BİR ADIM ÖTESİ CAMİNİN İÇİ!
Zaman Gazetesi’nin pazar ilavesindeki, büyük bir övgü ve stayişle verilen haber ve fotoğraf dikkatimi çekti. Bir türlü inanamadım. Fotoğrafa tekrar tekrar dikkatlice baktım.Yedi sütun ve yarım sayfa üzeriden verilen haberin manşeti, “Kandil münasebeti ile ilk defa cami avlusunda tasavvuf konseri verildi” şeklindeydi.

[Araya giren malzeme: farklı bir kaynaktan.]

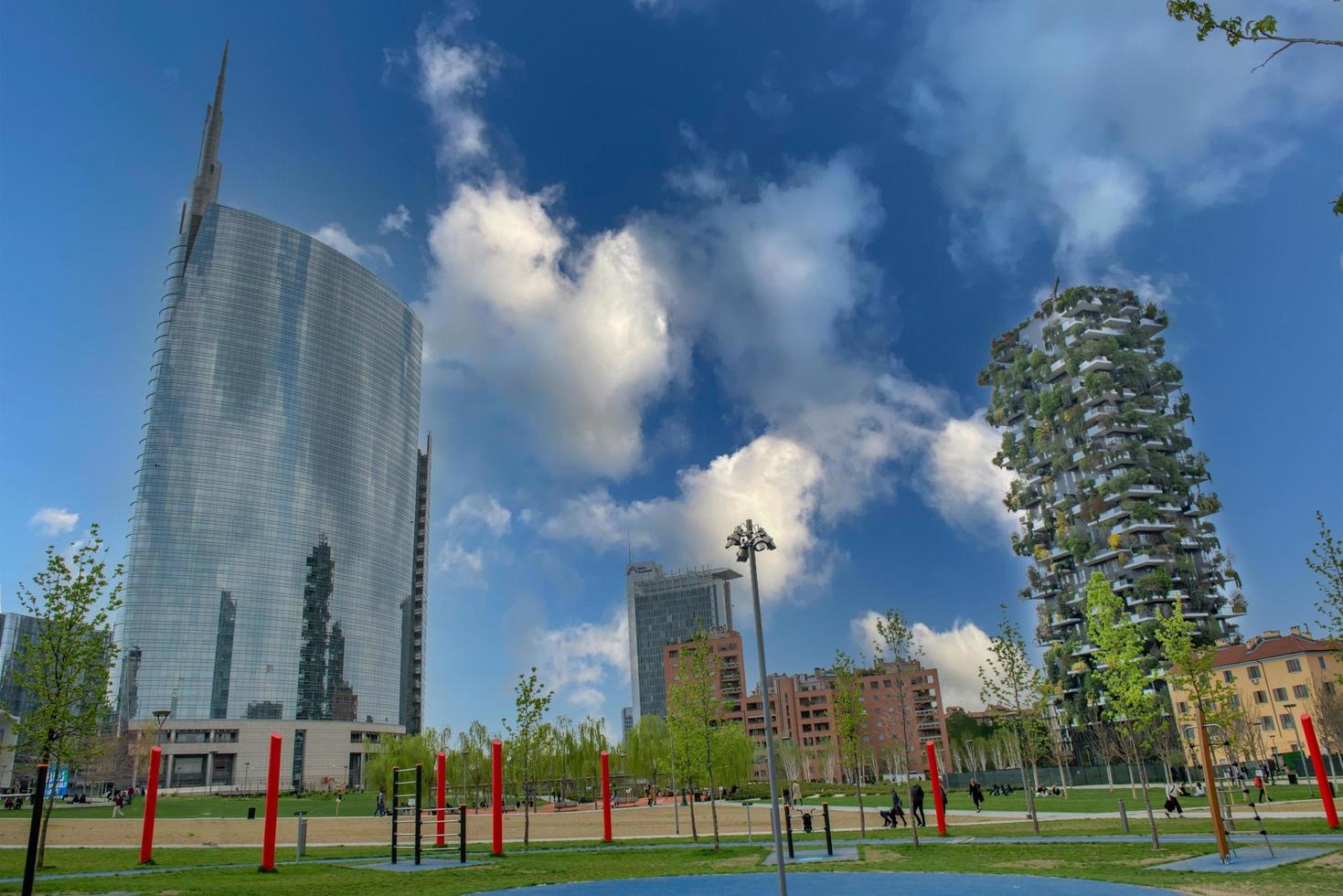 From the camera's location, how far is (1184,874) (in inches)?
846

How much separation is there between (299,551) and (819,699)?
115646 mm

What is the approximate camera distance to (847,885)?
22.4 m

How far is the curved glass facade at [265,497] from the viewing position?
15462 cm

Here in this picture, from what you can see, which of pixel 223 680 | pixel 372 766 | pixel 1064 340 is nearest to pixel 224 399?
pixel 223 680

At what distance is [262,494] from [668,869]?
16014 cm

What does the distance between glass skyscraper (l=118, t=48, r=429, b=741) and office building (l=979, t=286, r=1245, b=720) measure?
13044 centimetres

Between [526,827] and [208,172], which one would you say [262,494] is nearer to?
[208,172]

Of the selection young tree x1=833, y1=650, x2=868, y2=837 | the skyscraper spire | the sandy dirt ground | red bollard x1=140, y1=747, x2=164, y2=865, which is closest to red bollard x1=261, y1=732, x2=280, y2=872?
red bollard x1=140, y1=747, x2=164, y2=865

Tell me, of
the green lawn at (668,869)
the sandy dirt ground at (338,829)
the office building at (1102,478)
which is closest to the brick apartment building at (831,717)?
the office building at (1102,478)

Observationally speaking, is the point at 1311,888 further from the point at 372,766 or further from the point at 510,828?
the point at 372,766

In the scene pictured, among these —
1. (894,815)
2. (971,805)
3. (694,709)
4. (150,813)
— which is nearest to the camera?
(150,813)

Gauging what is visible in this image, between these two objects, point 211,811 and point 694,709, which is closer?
point 694,709

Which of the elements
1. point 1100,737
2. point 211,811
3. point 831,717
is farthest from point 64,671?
point 831,717

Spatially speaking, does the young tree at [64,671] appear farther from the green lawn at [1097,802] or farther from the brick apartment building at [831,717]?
the brick apartment building at [831,717] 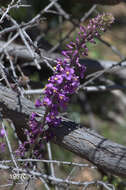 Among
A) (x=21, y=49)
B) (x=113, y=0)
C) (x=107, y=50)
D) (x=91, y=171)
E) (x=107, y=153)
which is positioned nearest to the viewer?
(x=107, y=153)

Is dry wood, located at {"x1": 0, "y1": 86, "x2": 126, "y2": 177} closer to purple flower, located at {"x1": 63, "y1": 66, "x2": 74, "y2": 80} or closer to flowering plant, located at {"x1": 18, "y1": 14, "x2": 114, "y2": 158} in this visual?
flowering plant, located at {"x1": 18, "y1": 14, "x2": 114, "y2": 158}

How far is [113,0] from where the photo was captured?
2.86 meters

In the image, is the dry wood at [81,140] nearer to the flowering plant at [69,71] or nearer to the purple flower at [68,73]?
the flowering plant at [69,71]

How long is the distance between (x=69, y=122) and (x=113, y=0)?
1.50 m

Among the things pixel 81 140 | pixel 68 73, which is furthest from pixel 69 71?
pixel 81 140

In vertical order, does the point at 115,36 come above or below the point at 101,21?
above

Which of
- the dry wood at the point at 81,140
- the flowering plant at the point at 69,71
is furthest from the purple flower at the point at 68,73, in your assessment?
the dry wood at the point at 81,140

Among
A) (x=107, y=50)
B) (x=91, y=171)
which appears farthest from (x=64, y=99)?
(x=107, y=50)

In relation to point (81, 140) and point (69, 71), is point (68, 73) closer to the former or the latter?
point (69, 71)

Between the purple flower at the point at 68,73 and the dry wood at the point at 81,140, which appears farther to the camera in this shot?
the dry wood at the point at 81,140

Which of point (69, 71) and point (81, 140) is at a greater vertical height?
point (69, 71)

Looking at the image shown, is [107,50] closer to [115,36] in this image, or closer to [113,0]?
[115,36]

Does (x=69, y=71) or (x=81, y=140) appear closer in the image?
(x=69, y=71)

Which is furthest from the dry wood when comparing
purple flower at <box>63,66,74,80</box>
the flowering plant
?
purple flower at <box>63,66,74,80</box> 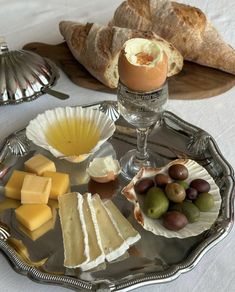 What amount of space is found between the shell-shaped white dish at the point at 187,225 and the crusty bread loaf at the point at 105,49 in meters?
0.29

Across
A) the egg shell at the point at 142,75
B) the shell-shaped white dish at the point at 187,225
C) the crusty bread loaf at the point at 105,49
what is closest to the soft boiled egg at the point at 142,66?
the egg shell at the point at 142,75

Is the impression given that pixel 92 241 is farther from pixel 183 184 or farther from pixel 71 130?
pixel 71 130

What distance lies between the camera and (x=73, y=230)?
648 millimetres

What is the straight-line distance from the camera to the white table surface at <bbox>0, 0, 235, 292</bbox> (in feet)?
2.05

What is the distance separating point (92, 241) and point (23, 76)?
0.43m

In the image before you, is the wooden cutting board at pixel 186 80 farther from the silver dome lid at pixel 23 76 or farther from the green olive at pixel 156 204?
the green olive at pixel 156 204

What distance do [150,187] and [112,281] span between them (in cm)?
15

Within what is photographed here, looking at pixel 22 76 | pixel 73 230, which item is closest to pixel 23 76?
pixel 22 76

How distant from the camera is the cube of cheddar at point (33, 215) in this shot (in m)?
0.66

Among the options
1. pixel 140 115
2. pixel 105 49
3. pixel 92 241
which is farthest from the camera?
pixel 105 49

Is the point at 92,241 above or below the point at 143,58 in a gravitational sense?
below

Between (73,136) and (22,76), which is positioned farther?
(22,76)

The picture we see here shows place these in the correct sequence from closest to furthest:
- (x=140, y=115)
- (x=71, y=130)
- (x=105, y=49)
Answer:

Fotoğraftan ilk göze çarpan Hoca Paşa camii. Kapının üzerinde, yeni haflerle caminin ismi ve üstünde İslam harfleri ile kitabe. Bunun hemen altında, cami duvarının dibinde, üçü bayan dokuz kişilik orkestra ekibi. Ellerinde ney, kanun, ud, kemençe, keman gibi çalgı aletleri. Huşu(!) içinde tasavvuf müziği adı altında vur patlasın çal oynasın sanatlarını icra ediyorlar.
Fotoğrafın altındaki bununla ilgili haber ise şöyle: “İstanbul'un tarihi semtlerinden Sirkeci, Regaip Kandili'nde bir ilke sahne oldu. Sirkecili bir grup esnaf, Hoca Paşa Camii'nin hemen girişinde halka öğle namazını müteakiben tasavvuf musiki konseri verdi, ikindi namazının ardından caminin girişinde Çağdaş Mevlana Aşıkları Derneği'ne bağlı bir grup genç yerlerine aldı. Huşu içinde yaklaşık bir saat süren konser, mübarek kandil günü Sirkeci'nin havasını değiştirdi.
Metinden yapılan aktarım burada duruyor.